While on the subject of Patch Bays, I also want to
point out that while there have been many schemes to resolve ground current
issues such as flying shields at one end the "problem" has never been
with the wiring, it's the gear that's at fault. Eighties era gear often
used "plastic-insulated" jacks mounted directly to a Printed Circuit Board
(PCB) making the shield connection the Trojan Horse of audio. In this
example, the shield dumps noise on the Printed Circuit Board (PCB) ground,
to which many high gain amplifiers are referenced. Other noises get in
the way too, like Radio and Television interference (RFI / TVI). Not matter
what type of connectors are used, this is known as the "pin-1" issue.
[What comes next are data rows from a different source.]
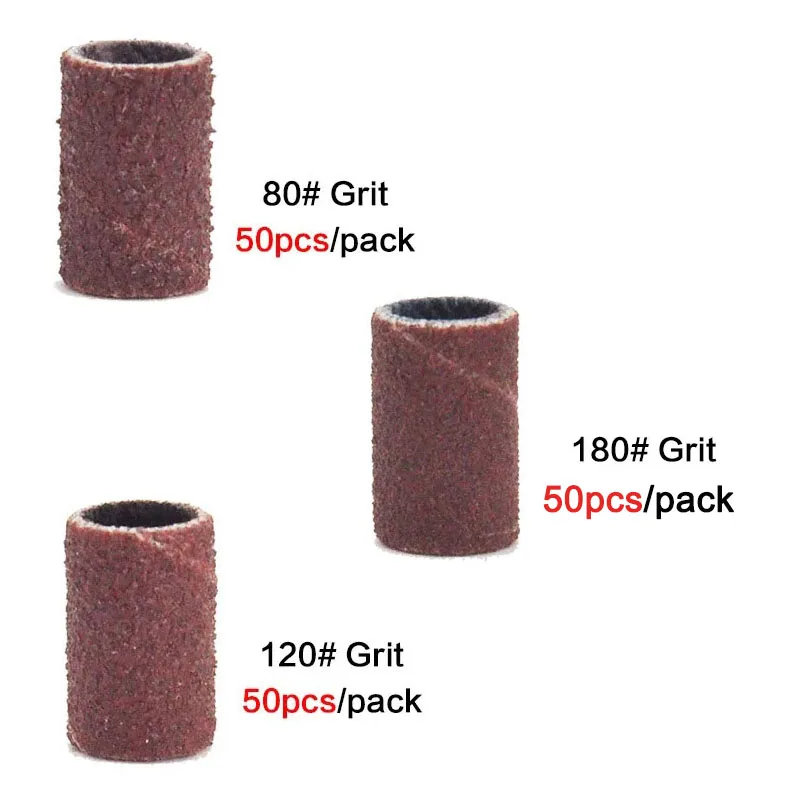 電気マニキュアマシン用サンディングキャップバンド、ネイルドリル、研削ビット、ファイル、ペディキュアツールセット、180グリット、120グリット、80グリット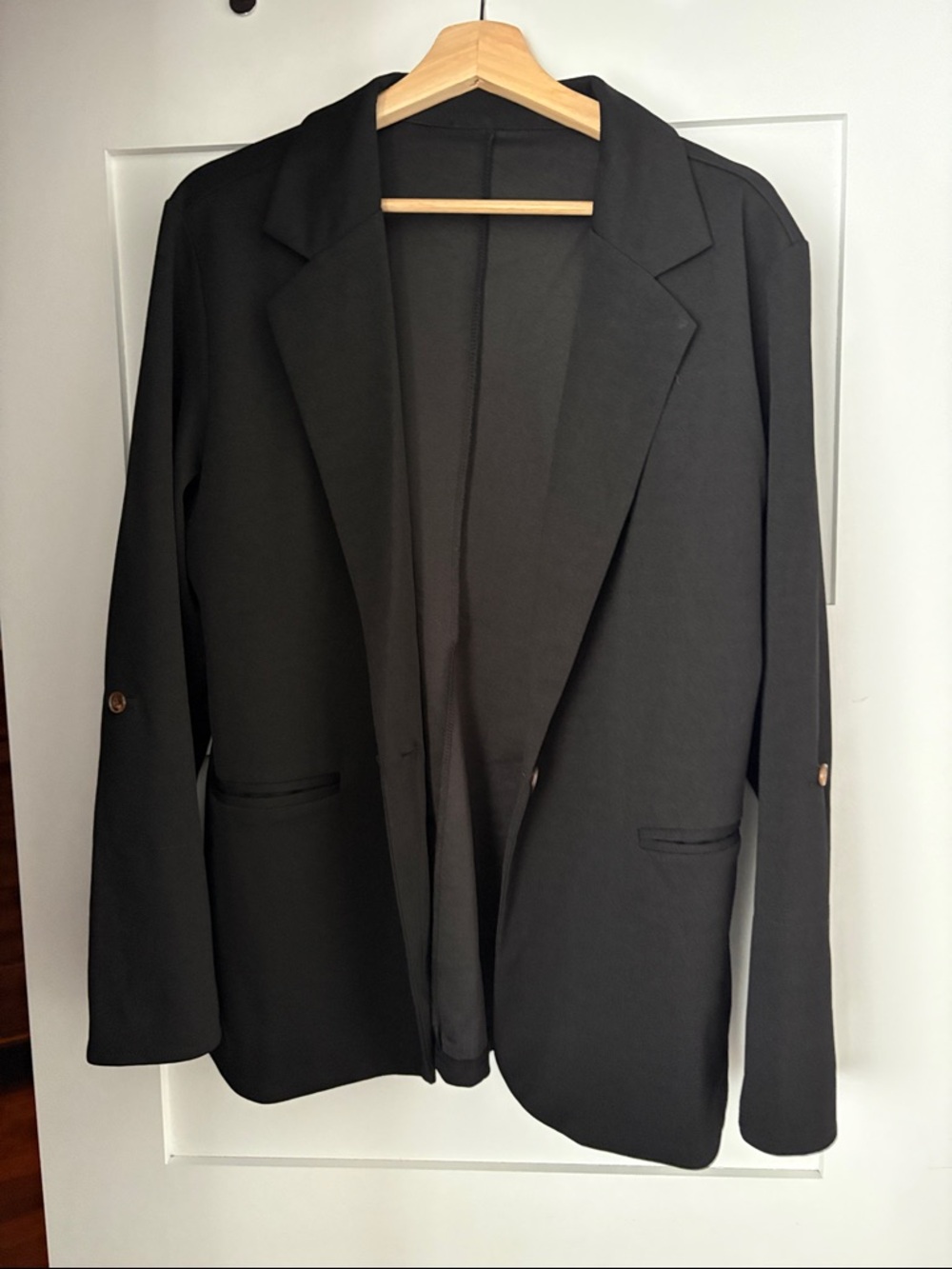 Black Open-Front Blazer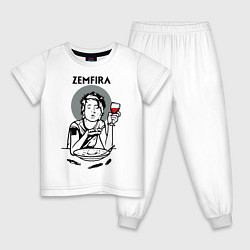 Пижама хлопковая детская ZEMFIRA Земфира, цвет: белый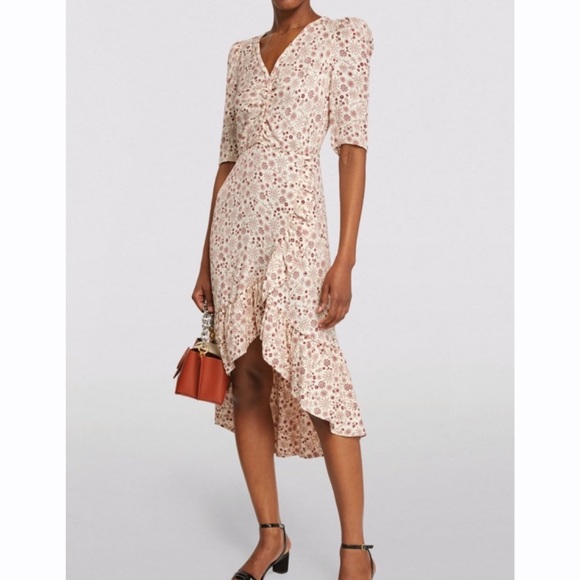 SANDRO Trinidad Floral Wrap Front High Low Asymmetrical Dress Ecru & Red Size 34 - Picture 13 of 13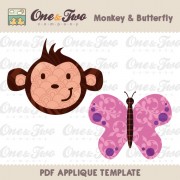 Monkey & Butterfly Applique Template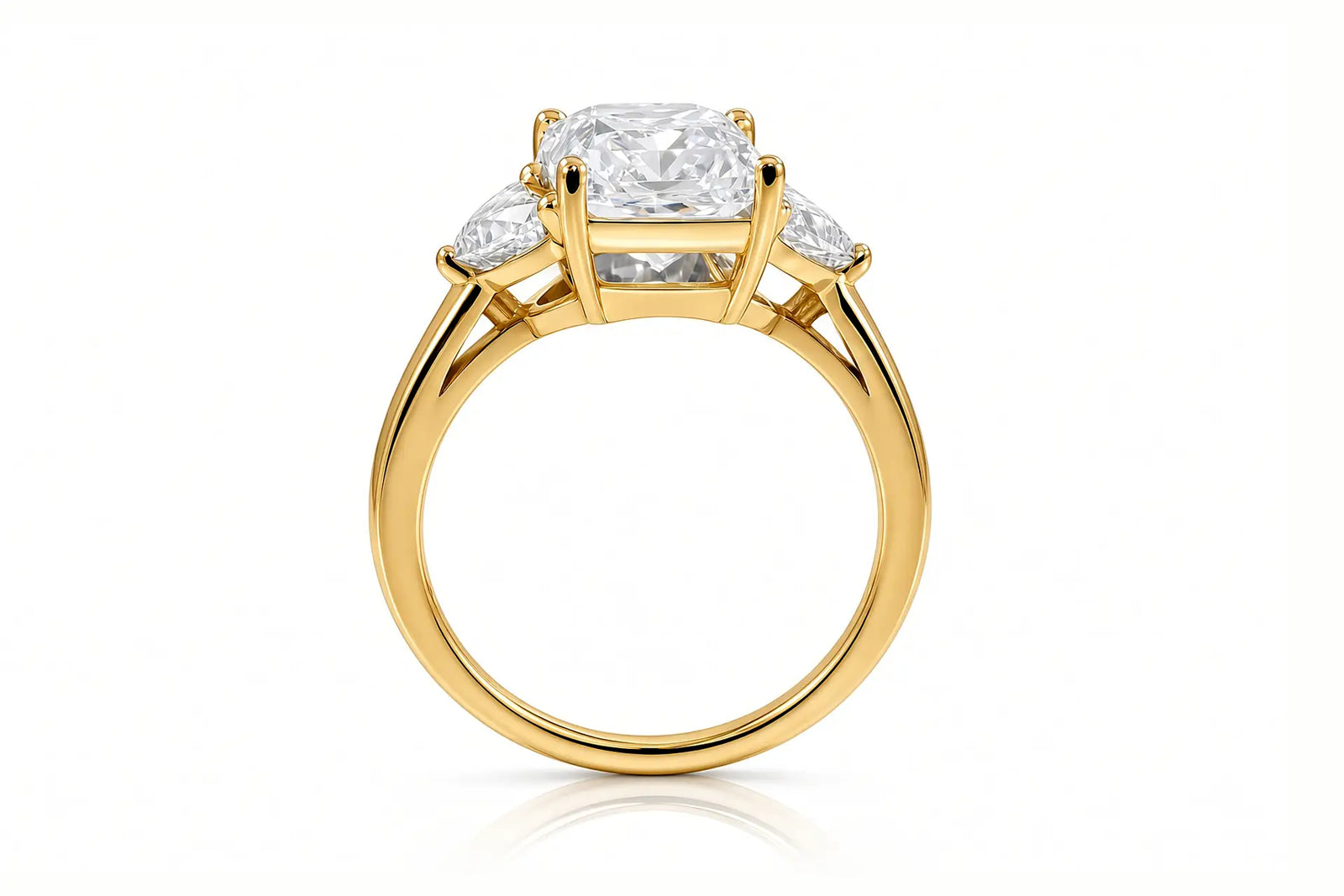 2ct Radiant and Moon Three Stone Engagement ring lab diamonds in 14k yellow gold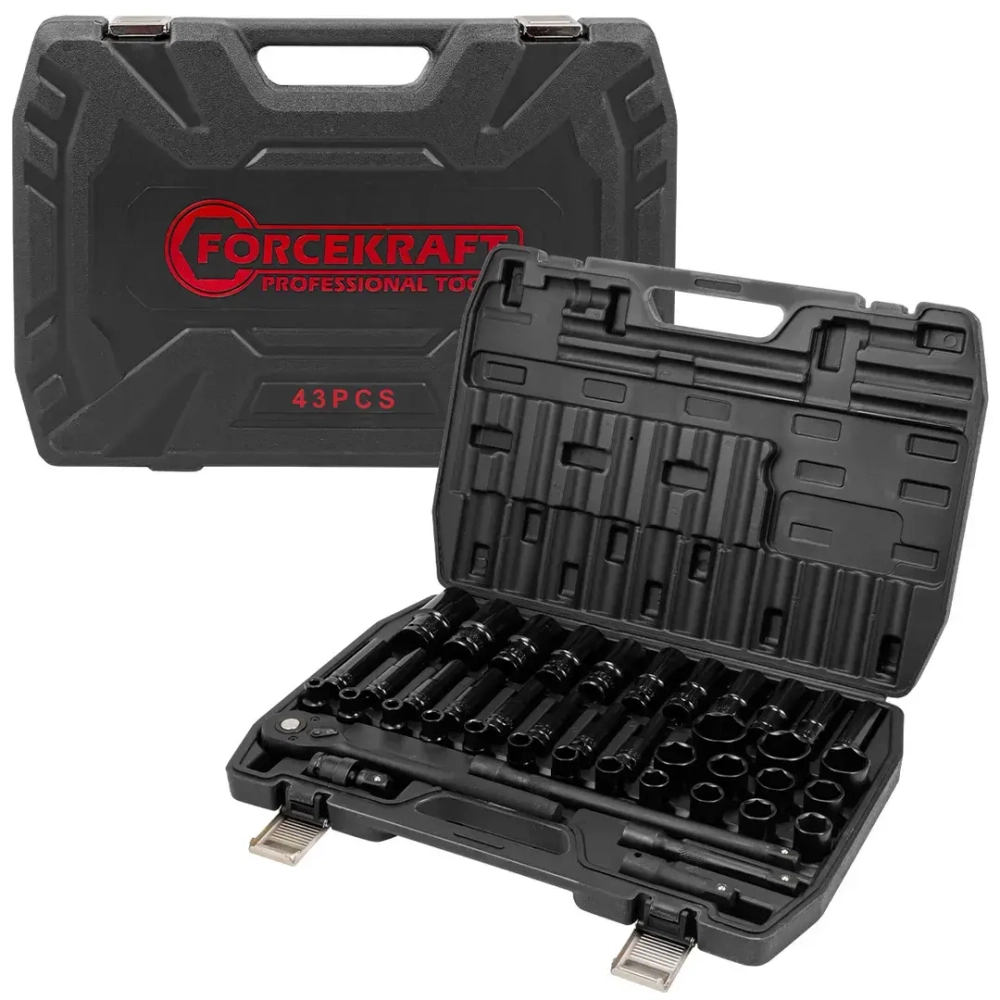 Набор инструментов 43пр. 1/2''6pt FORCEKRAFT FK-6431-5MPB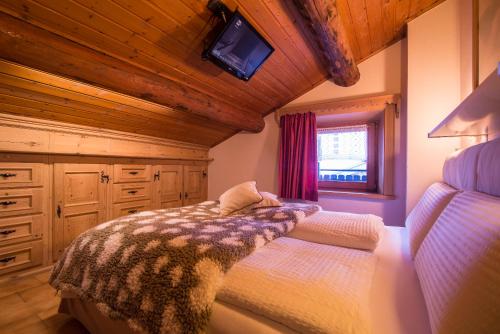 ein Schlafzimmer mit einem Bett und einem TV in einer Hütte in der Unterkunft Mansardalpina in Livigno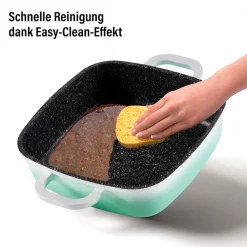 Pfannen|Die moderne Hausfrau STONELINE Servierpfanne Eckig 20 cm Mint | mit Deckel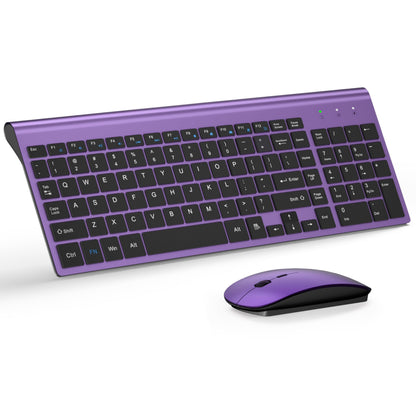 Wireless Keyboard and Mouse Ultra Slim Combo, TopMate 2.4G Silent Compact USB 2400DPI Mouse and Scissor Switch Keyboard Set with Cover, Batteries Included, for PC/Laptop/Windows/Mac - Gray Black
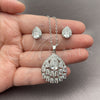 White Gold Filled Earring and Pendant Adult Set, Teardrop and Cluster Design, with White Cubic Zirconia, Polished, Rhodium Finish, 10.448.0036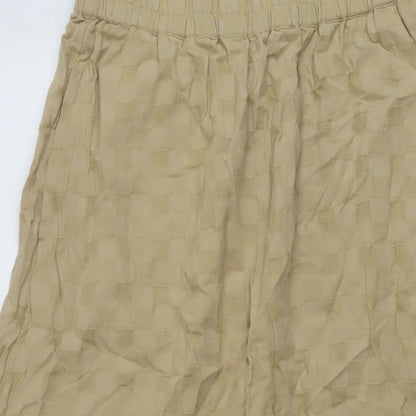 Marks and Spencer Womens Beige Check Polyester A-Line Skirt Size 10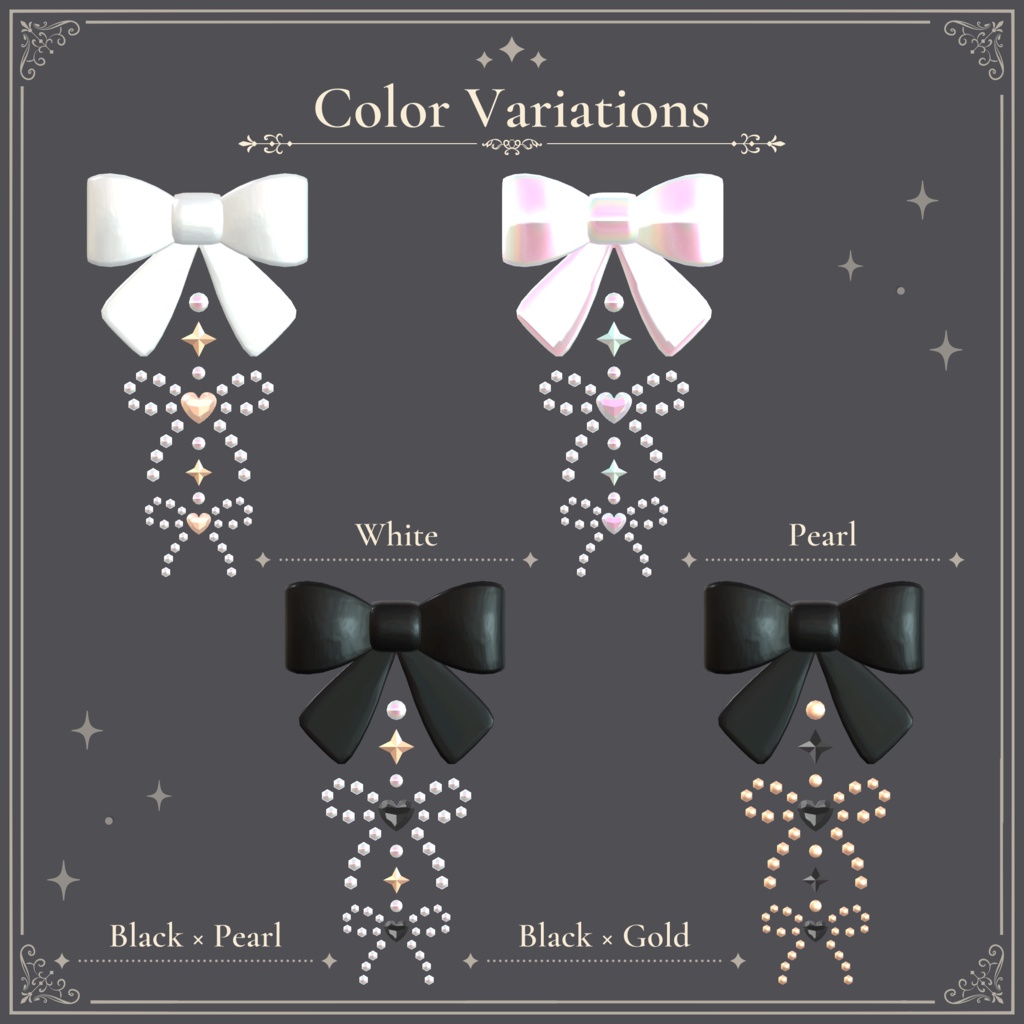 リボンとパールの髪飾り|Ribbon & Pearl Hair Accessory|【全8種】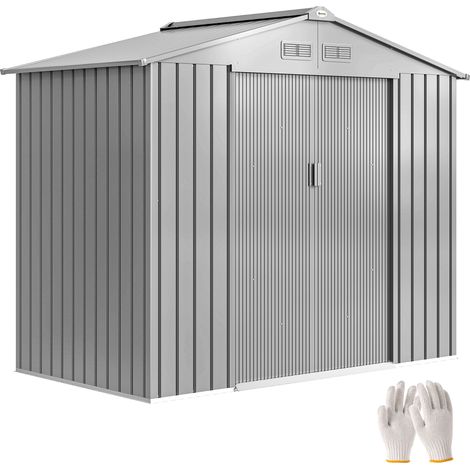 Outsunny Garden Shed Storage Unit w/Locking Door Floor Foundation Vent Light Grey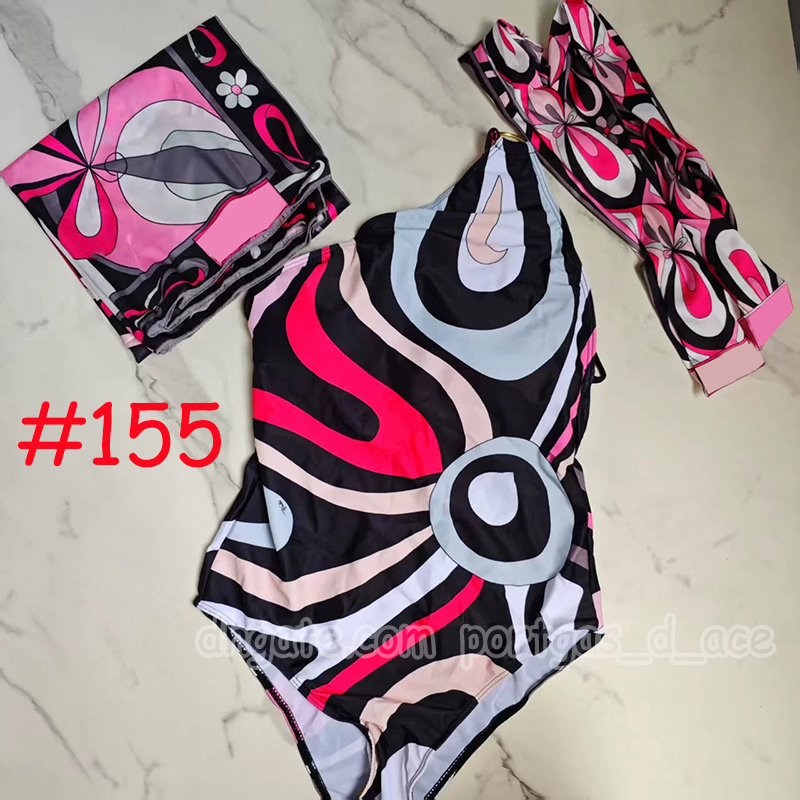 Brand Colorblock Bikinis Women Designer Swim Trunks Headband Scarf Swimwear Skirt Cover Ups Beach Holiday Halter Bathing Suits Sarong Shorts 06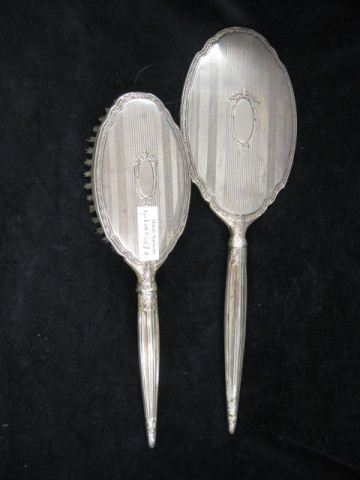 Sterling Silver Mirror & Brush no
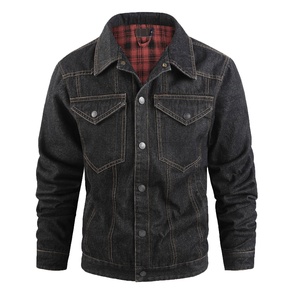 Vintage Acid Washed Denim Color Block <b>Jacket</b> Custom Cotton Quilted Satin Lining Plus Size Winter <b>Jacket</b> for Men - Product Image 4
While I've mentioned this over and over, the most
familiar example of good "pin-1" implementation is Mackie's use of ALL
metal quarter-inch jacks directly secured to a metal chassis an electrical
"firewall" to noise. Minimizing noise susceptibility is almost that simple
and it certainly starts here. My point is not to accommodate bad gear,
but to identify, fix, modify, wrap transformers around or chuck equipment
that will not cooperate.
Keep in mind that unbalanced audio signals are supposed
to be the domain of consumer electronics simple systems where very few
components are close together with perhaps three feet of cable between
them, max! What goes on behind an audio rack is no place for unbalanced
cabling. With just a shield for noise protection and one wire for signal,
the gear and its destination have no way to defend against being too close
to a wall-wart, inside of which is a hum radiating transformer.
While a "firewall" stops noise from sneaking into
the box, it alone doesn't stop noise induced into the signal cables, but
the addition of a balanced signal path does (a twisted pair of wires for
signal plus a noise shield). There are three types of "balanced" signal
configuration transformer balanced (passive), signal balanced (active)
and Impedance Balanced.
Two identical signals travelling down a shielded
twisted-pair cable, one a mirror image of the other (180 degrees out-of-phase)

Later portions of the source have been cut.